Siqueiros y la troupe que lo acompañaba experimentaron por primera vez con pinturas sintéticas (piroxilina y silicato) y pistolas de aire, que convirtieron ese mural en imborrable. La idea era “quebrar el estatismo arquitectónico’’ (Raquel Tibol) del sótano.

Tres meses después de terminar “Ejercicio plástico’’ (así se llamó la obra que derivó en un conflicto legal irresoluble), Siqueiros fue expulsado del país. Participó en un mitin del sindicato de la industria del mueble y sus arengas comunistas alertaron a la policía. Pero se fue solo, porque en el trance de pintar el mural su esposa Blanca Luz Brum se enamoró de Natalio Botana.

Una huella de excesos

Han pasado más de cien años de la fundación de Crítica, y de la trayectoria desesperada de Natalio Botana, quien murió cuando su automóvil chocó en el norte argentino. La historia de este medio y de su mentor alientan la reflexión. Traza una huella de excesos que muchos magnates de la comunicación han seguido al pie de la letra, a lo largo del siglo veinte. Basta el ejemplo de quien fuera el propietario de uno de los periódicos más tradicionales de Chile, El Mercurio, quien coleccionaba copias de las biblias de Gutenberg y tenía dos veleros para hacer largos viajes. En uno viajaba él y en el otro su esposa.

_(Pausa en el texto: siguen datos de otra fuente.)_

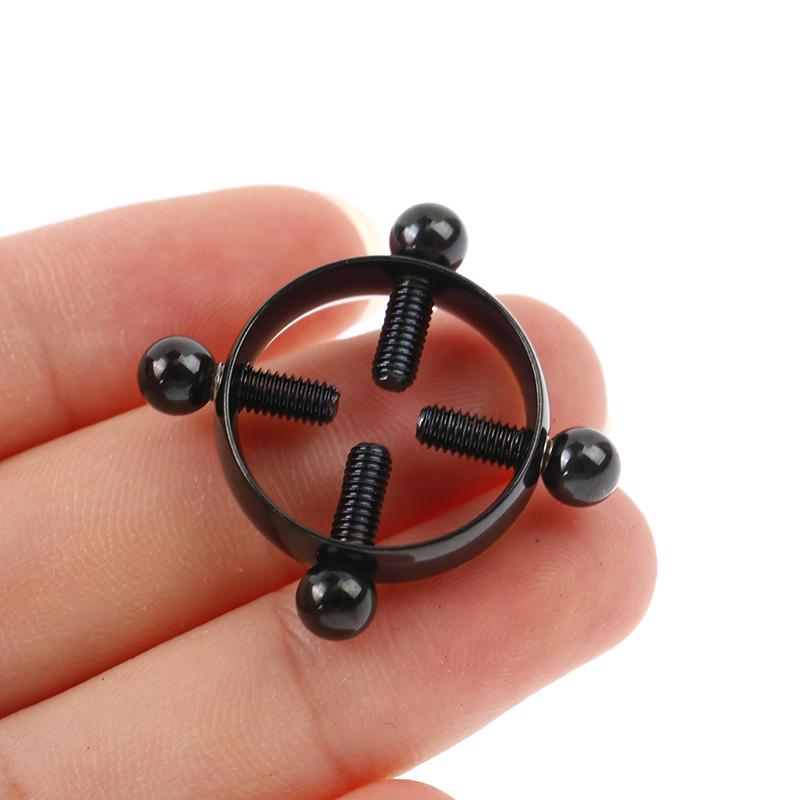 2 pezzi piercing al capezzolo rotondo gioielli non piercing capezzolo anello falso vite capezzolo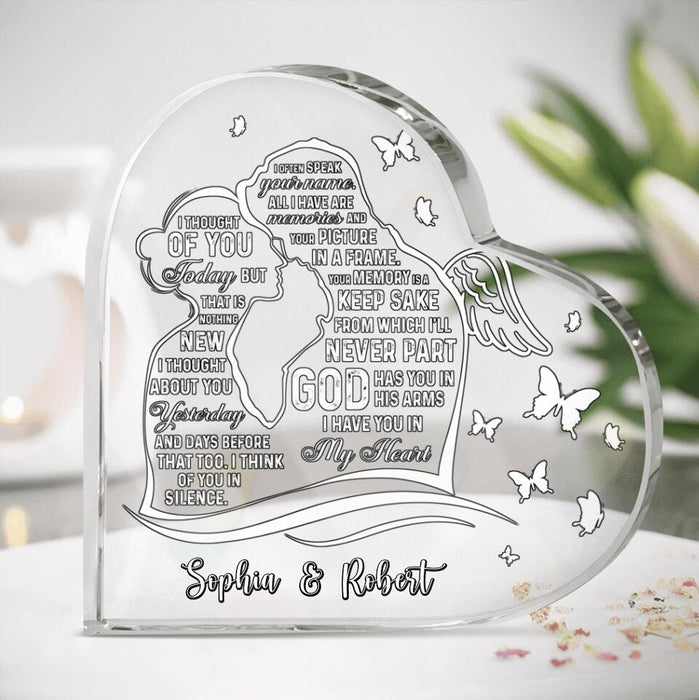 Personalized Memorial Acrylic Plaque - Memorial Gift Idea - God Has You In His Arms, I Have You In My Heart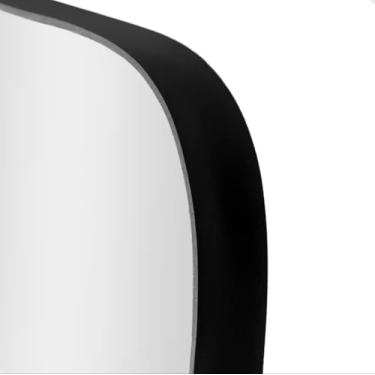 Imagem de Espelho Corpo Inteiro Orgânico, Design Moderno, Preto, 150x50cm, Com Suporte de Chão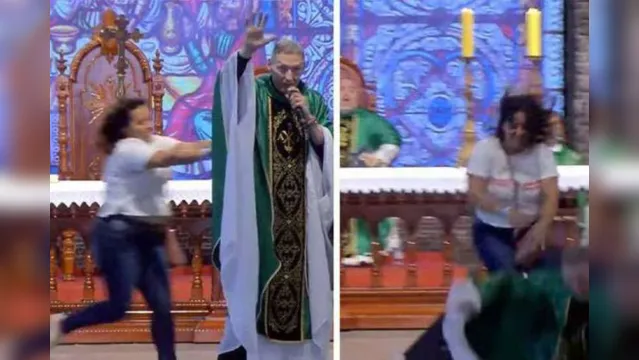 Imagem ilustrativa da notícia Vídeo: mulher joga padre Marcelo
Rossi do palco 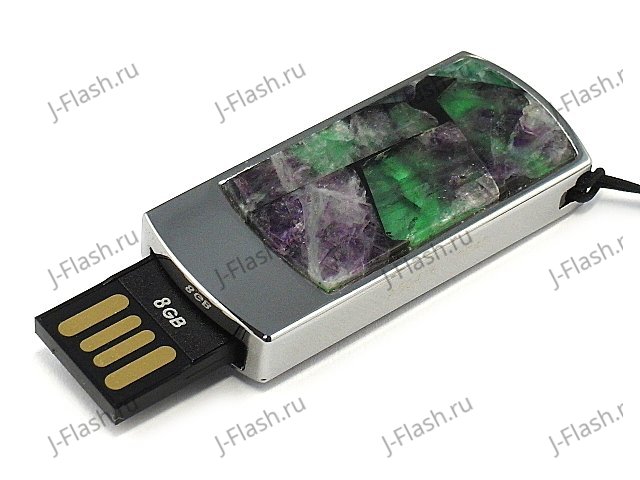 Подарочная флешка в металлическом корпусе с камнем флюорит: USB разъем выдвинут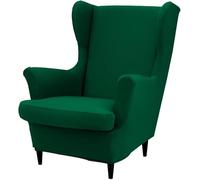 YeGang Wingback Chair Covers 2 Piece Stretch Wing Chair Slipcover, Solid Color Washable Spandex Fabric Sofa Cover Furniture Protector for Armchair Chairs Hotel Living Room Bedroom (Green)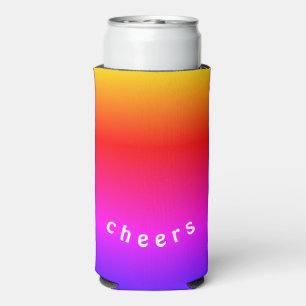 Regenboog Kleuren Koelbox Proost - Aangepaste Teks Seltzer Blikjeskoeler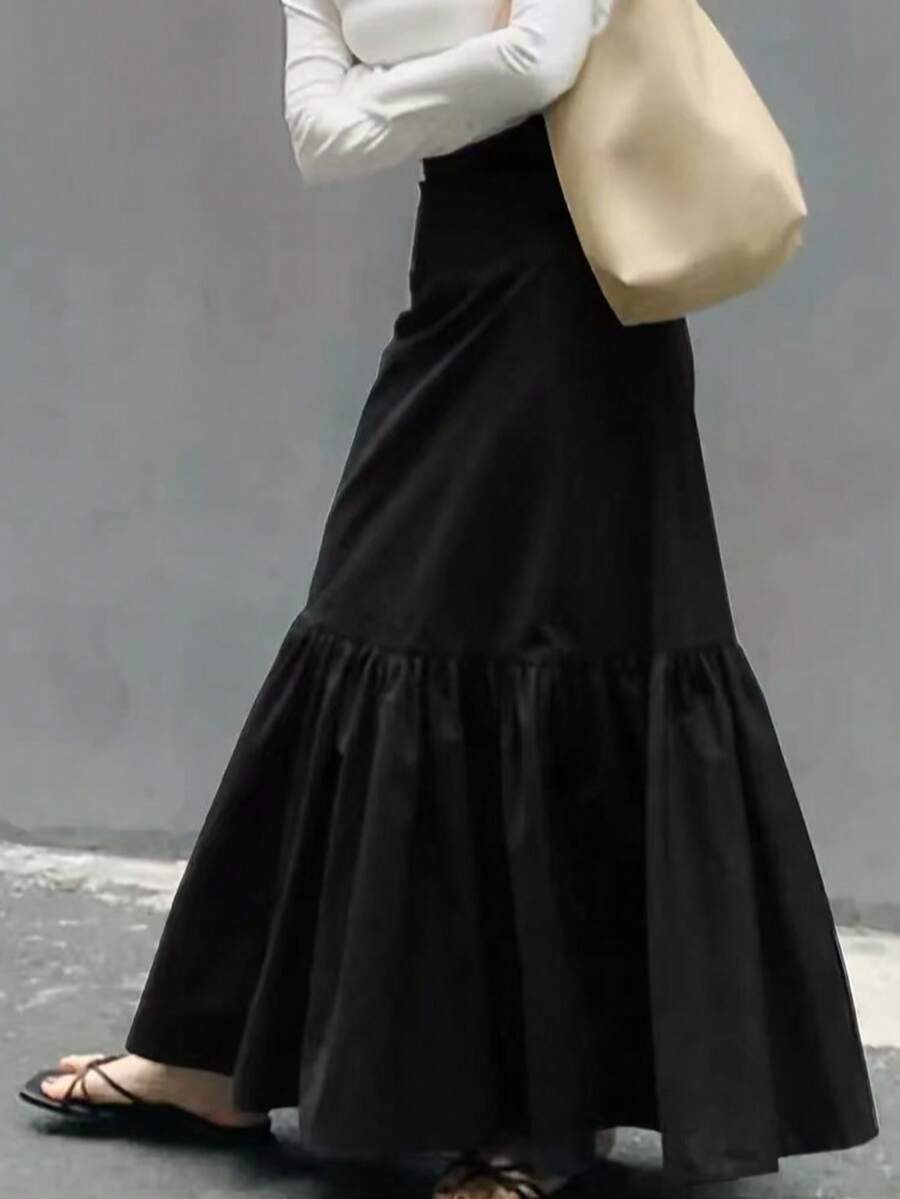 Chân váy chữ A cạp cao xếp ly kiểu Pháp cổ điển dành cho nữ, chân váy dài xòe rộng dáng đuôi cá giúp thon gọn vóc dáng cho mùa thu/đông, thanh lịch, ôm sát, phù hợp cho đi làm hàng ngày và mặc thường ngày, màu đen mùa xuân. - màu đen - Xem 1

Cuando oigo que muchos bolis construyen casas en República Dominicana con piscinas diseñadas con obras de Carlos Cruz Diez, no puedo menos que recordar la historia trágica de Natalio Botana y David Alfaro Sigueiros.

El primero buscaba prestigio para limpiar su fortuna. El segundo, esconderse de quienes lo consideraban un elemento peligroso. Ninguno consiguió lo que buscaba. A diferencia de las películas, la vida real nunca encaja bien.